Source material:
▼

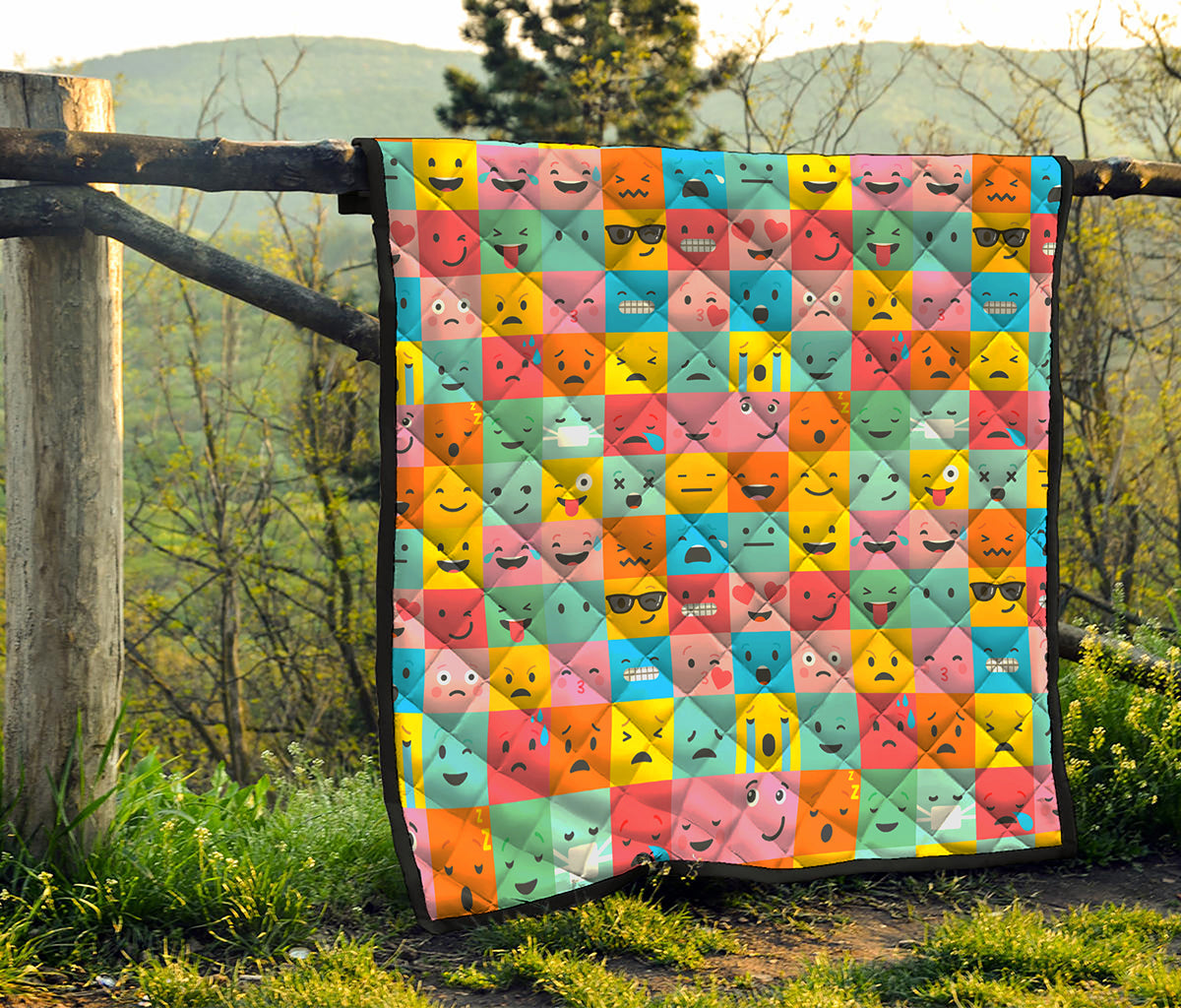 Colorful Emoji Pattern Print Quilt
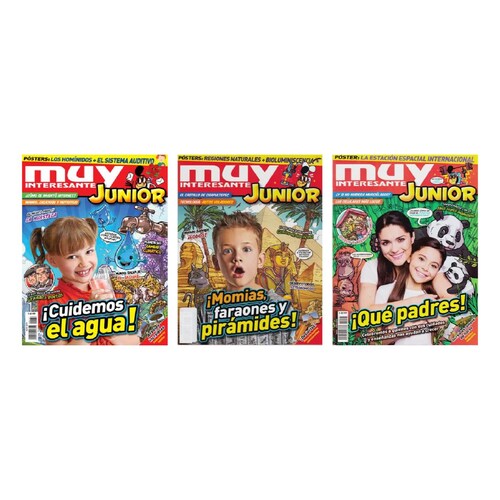 3 Revistas Muy interesante Junior Cultura Leer Niños Escolares Juegos .
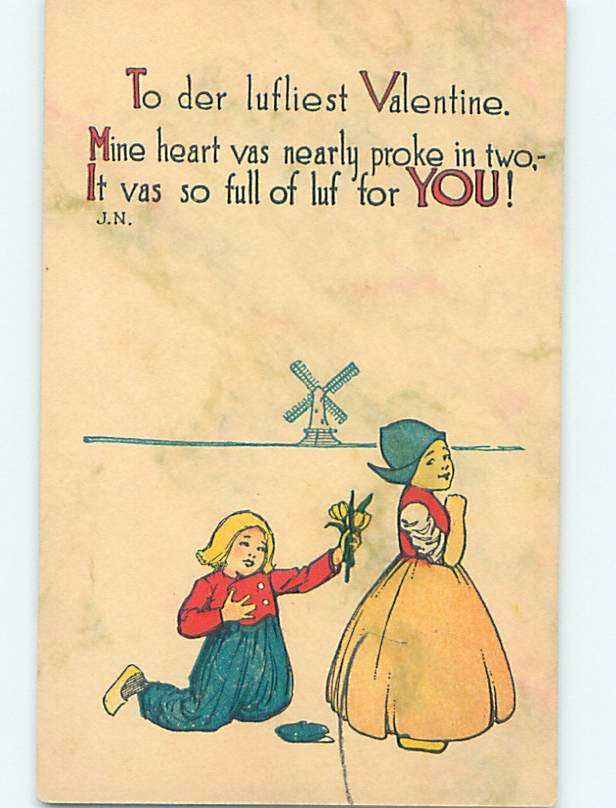 Pre-Linen Valentine CUTE GIRL TURNS AWAY FROM BOY ON HIS KNEES 60k cards HL7057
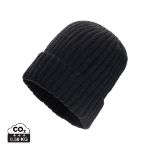 kennedi aware polylana beanie met brede rib - zwart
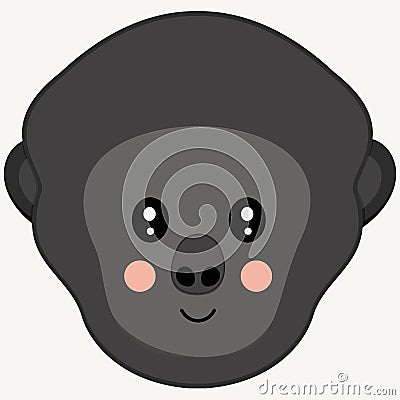 Flat cute smiling cartoon face of a western gorilla with ruddy cheeks on white background. Cute head of African primate for an ico Vector Illustration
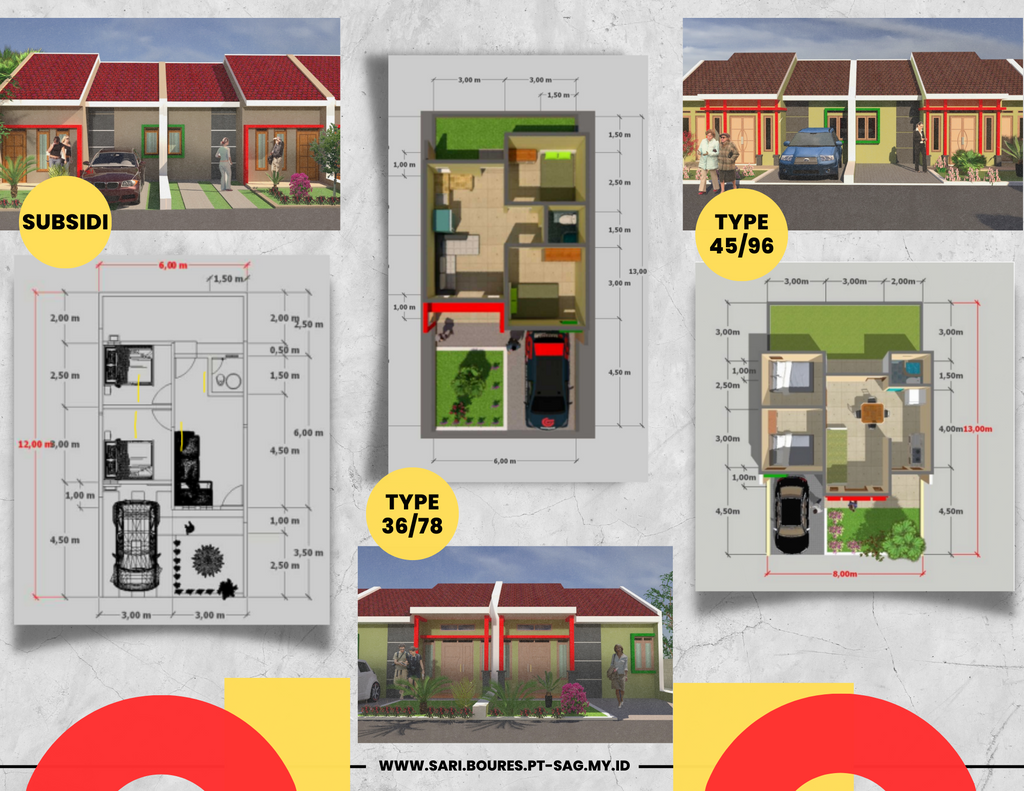 foto denah rumah tipe 36/72 (Baru) perumahan Sari Bougenville Residence
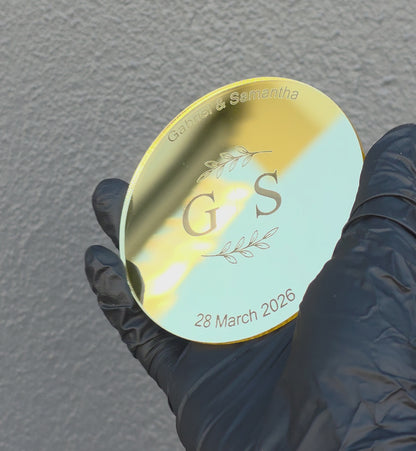 Round & Leafy Name Place Cards & Thank You Cards - Mirror Acrylic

▲

Each entry above should be reproduced exactly, with the pictures removed.

 Colorful Emoji Pattern Print Quilt
 3 Revistas Muy interesante Junior Cultura Leer Niños Escolares Juegos .
 Pre-Linen Valentine CUTE GIRL TURNS AWAY FROM BOY ON HIS KNEES 60k cards HL7057
 kennedi aware polylana beanie met brede rib - zwart
 Flat cute smiling cartoon face of a western gorilla with ruddy cheeks on white background. Cute head of African primate for an ico Vector Illustration
 foto denah rumah tipe 36/72 (Baru) perumahan Sari Bougenville Residence
 Round & Leafy Name Place Cards & Thank You Cards - Mirror Acrylic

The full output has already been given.